The more I reflect upon Bill Maher‘s “Notorious HRC” riff, the more I realize he’s right. MSNBC contributor Mark Halperin said the other day that despite the manic horrors of Donald Trump, many voters still don’t trust Hillary. But in what context? They don’t trust her to restore honesty in American government, to be wholesome and transformative, to shine God’s light? Of course not. But they can and should trust her to be Madam Butch Boss — a tough, cigar-chomping “Ma Clinton,” as Maureen Dowd described her eight years ago. And there is comfort in that.

We’ve all been spoiled by Obama and that light around him, that aura. If there’s anything glowing around Hillary’s head, it’s the light of egoism and self-interest in that familiar political realm that everyone is so sick and tired of. She’s Melvyn Douglas in Michael Ritchie‘s The Candidate. But she won’t be pushed around. She plots, she connives, she negotiates like a sports agent and gives no quarter. I believe this is who Clinton is, and I therefore trust her to be that person.

“If the age calls for a strongman, Hillary in fact has the résumé for it. Like Margaret Thatcher and Angela Merkel, a woman who survives and flourishes at the top of this backstabbing business is surely made of steel. Donald Trump, in comparison, is rather a fancy man. But her obvious desire to be liked, and the hurt she feels that she isn’t (and, boy, she isn’t), have led her to try to want to be thought of now, in her reimagining, as cuddly, caring and inclusive. That may be a risky bit of self-delusion.” — Michael Wolff in a recent Hollywood Reporter piece.

Wolff is right, and I really hope she gets past that. Nobody buys her as an earth mom. But we can trust in the fact that Hillary is sane, smart, pragmatic and likely to play her cards sensibly as President — she’ll think things through, assess the opposition, figure the angles, calculate the blowback and cautiously pull the trigger.

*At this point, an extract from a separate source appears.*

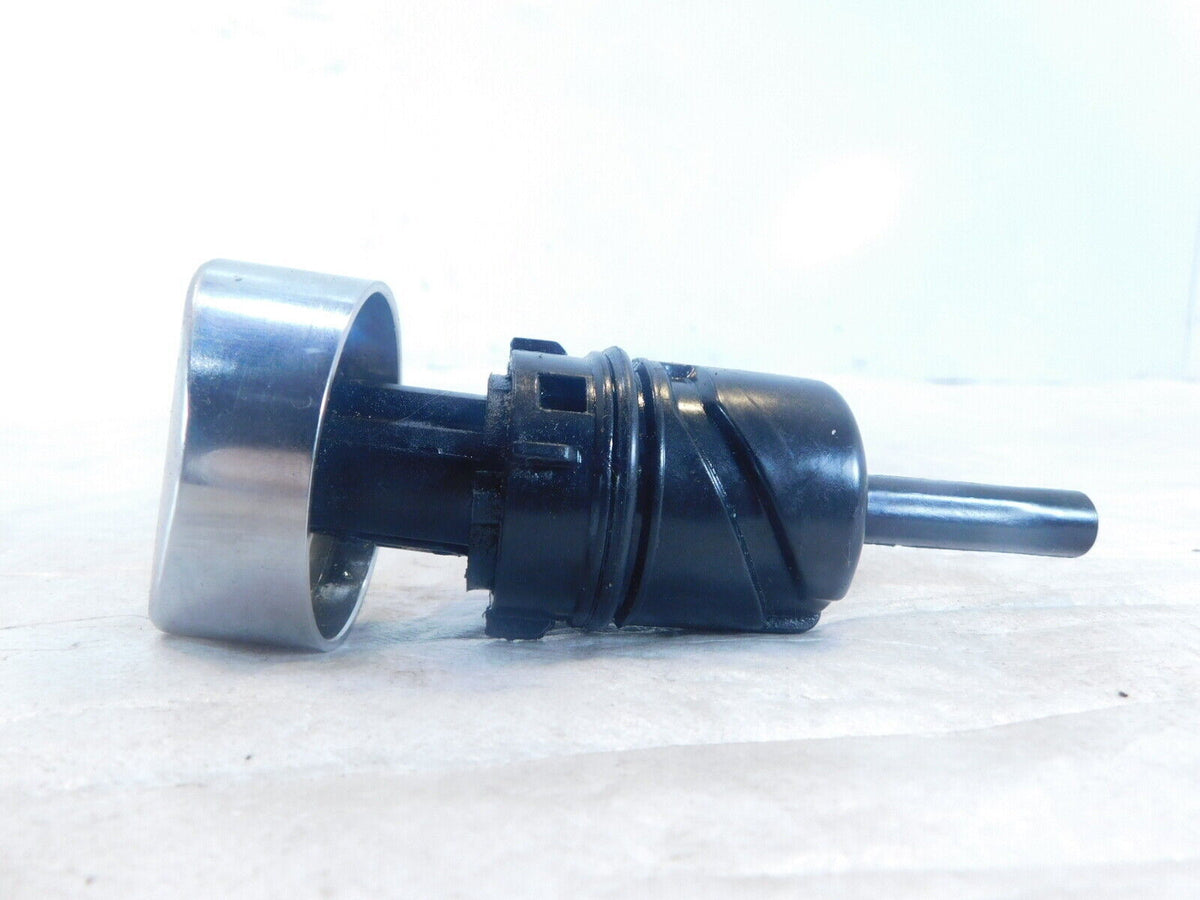 Harley Davidson Sportster 883 & 1200 Motor Engine Oil Dipstick 63000-04 - C3 Cycle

Clint Eastwood said in that Esquire interview that Clinton’s voice will be “tough to listen to for four years,” and he’s not wrong about that. But I can learn to handle that if she turns down the braying and the cackling.

But she is such a drab and uninspiring candidate. If Hillary’s Republican opponent was John Kasich, she’d be behind in the polls and would almost certainly lose.